### Required action
Transcribe, word for word, only the lines from the one containing "Lill the drag" through the end of the material below. Pictures stay out.

### Information provided
★ ★ ★ ★

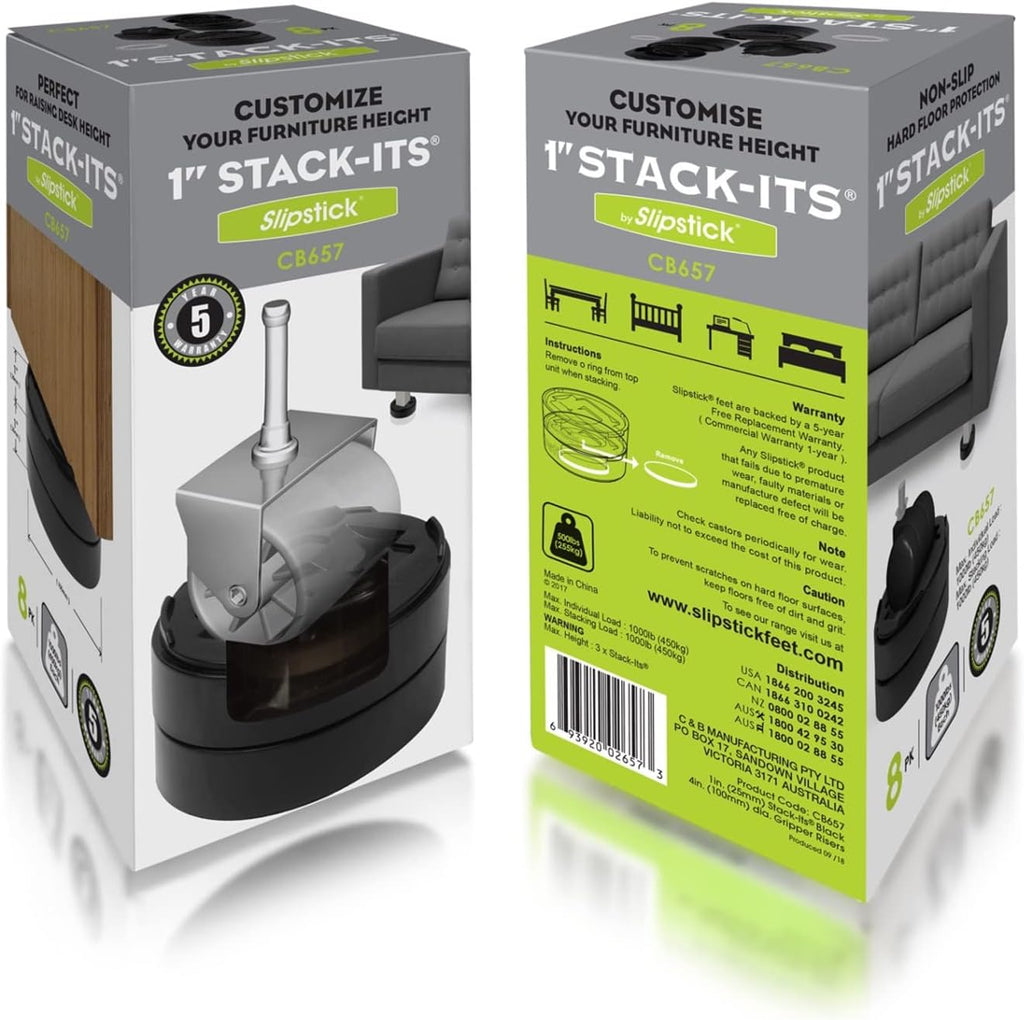 Slipstick Stack-Its 1 Inch Adjustable Bed Risers/Furniture Risers (Set of 8) Lifts Height 1", 2" or 3" – Black Heavy Duty Risers for Desks, Couches, Sofas, Beds, Tables, Dressers, and More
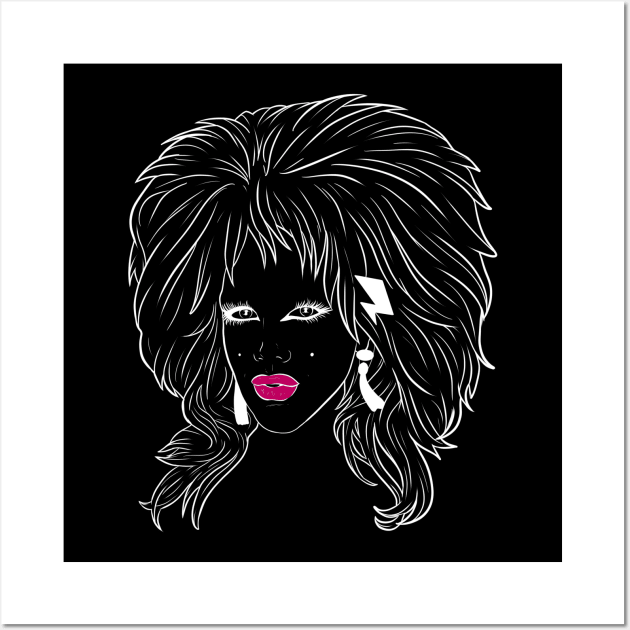 Lill the drag queen white lines Wall Art by RobskiArt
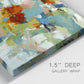 Close-up view of wrapped canvas corner featuring celebratory abstract color movement.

★ ★ ★ ★

### Task response
 Lill the drag queen white lines Wall Art by RobskiArt
 Close-up view of wrapped canvas corner featuring celebratory abstract color movement.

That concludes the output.